* **WORKING DATA**:
● ● ● ● ●
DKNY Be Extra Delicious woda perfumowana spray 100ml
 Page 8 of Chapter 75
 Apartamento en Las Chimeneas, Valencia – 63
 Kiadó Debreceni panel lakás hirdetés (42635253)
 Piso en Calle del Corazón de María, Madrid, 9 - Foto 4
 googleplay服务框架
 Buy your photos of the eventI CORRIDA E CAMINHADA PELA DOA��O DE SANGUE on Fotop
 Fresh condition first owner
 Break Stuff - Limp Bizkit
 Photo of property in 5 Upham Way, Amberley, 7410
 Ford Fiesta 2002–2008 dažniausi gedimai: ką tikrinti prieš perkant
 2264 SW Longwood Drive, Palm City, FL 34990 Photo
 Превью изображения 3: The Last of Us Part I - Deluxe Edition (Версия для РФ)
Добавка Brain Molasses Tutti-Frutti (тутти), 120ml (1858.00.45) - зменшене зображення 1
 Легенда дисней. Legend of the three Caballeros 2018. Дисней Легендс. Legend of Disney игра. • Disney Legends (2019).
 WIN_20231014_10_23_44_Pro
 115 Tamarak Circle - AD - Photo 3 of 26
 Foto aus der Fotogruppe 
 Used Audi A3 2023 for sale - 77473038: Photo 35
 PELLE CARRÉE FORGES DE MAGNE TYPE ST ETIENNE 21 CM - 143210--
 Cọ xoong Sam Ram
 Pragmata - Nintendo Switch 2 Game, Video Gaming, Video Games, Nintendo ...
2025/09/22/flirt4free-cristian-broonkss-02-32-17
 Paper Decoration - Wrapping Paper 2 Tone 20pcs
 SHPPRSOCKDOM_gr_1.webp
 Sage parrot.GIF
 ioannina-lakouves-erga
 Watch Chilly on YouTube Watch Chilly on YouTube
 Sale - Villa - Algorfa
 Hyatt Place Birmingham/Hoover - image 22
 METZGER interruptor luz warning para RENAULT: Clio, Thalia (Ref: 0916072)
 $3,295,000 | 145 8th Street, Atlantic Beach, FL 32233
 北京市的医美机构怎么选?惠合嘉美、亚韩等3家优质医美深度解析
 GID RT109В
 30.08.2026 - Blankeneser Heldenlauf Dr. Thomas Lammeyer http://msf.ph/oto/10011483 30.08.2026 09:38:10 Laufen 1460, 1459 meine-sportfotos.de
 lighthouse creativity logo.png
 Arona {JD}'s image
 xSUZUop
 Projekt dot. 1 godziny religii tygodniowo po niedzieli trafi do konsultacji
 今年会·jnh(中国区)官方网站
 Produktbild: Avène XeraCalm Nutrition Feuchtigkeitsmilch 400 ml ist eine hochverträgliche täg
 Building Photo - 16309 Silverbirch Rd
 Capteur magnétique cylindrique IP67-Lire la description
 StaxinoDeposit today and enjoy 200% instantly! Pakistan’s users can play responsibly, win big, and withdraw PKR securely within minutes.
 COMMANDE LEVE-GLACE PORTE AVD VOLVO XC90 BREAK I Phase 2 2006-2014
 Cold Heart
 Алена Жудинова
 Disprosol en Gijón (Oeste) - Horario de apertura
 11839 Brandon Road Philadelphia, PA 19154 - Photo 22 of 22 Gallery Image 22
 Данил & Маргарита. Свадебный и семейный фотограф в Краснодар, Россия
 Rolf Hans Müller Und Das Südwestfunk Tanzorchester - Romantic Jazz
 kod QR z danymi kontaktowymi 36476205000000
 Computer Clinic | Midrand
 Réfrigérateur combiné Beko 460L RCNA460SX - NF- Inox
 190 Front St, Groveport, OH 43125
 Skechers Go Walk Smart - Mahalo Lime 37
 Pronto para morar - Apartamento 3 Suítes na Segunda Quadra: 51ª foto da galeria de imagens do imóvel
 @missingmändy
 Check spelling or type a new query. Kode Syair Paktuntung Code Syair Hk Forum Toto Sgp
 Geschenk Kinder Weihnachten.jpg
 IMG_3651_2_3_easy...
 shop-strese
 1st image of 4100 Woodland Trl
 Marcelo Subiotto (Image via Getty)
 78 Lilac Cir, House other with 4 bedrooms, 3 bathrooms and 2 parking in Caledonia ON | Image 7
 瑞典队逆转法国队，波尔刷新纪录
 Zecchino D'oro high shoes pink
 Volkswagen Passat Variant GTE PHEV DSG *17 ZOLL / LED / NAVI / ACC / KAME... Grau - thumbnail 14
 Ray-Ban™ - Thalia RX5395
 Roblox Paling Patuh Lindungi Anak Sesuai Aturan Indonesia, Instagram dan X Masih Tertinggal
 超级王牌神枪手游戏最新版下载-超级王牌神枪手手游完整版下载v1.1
● ● ● ● ●
* **GOAL OF THE EXERCISE**: The answer should hold the lines from the one containing "瑞典队逆转法国队，波尔刷新纪录" through the end of the entries above, set down exactly, with both ends included.

* **WRITTEN SOLUTION**:
 瑞典队逆转法国队，波尔刷新纪录
 Zecchino D'oro high shoes pink
 Volkswagen Passat Variant GTE PHEV DSG *17 ZOLL / LED / NAVI / ACC / KAME... Grau - thumbnail 14
 Ray-Ban™ - Thalia RX5395
 Roblox Paling Patuh Lindungi Anak Sesuai Aturan Indonesia, Instagram dan X Masih Tertinggal
 超级王牌神枪手游戏最新版下载-超级王牌神枪手手游完整版下载v1.1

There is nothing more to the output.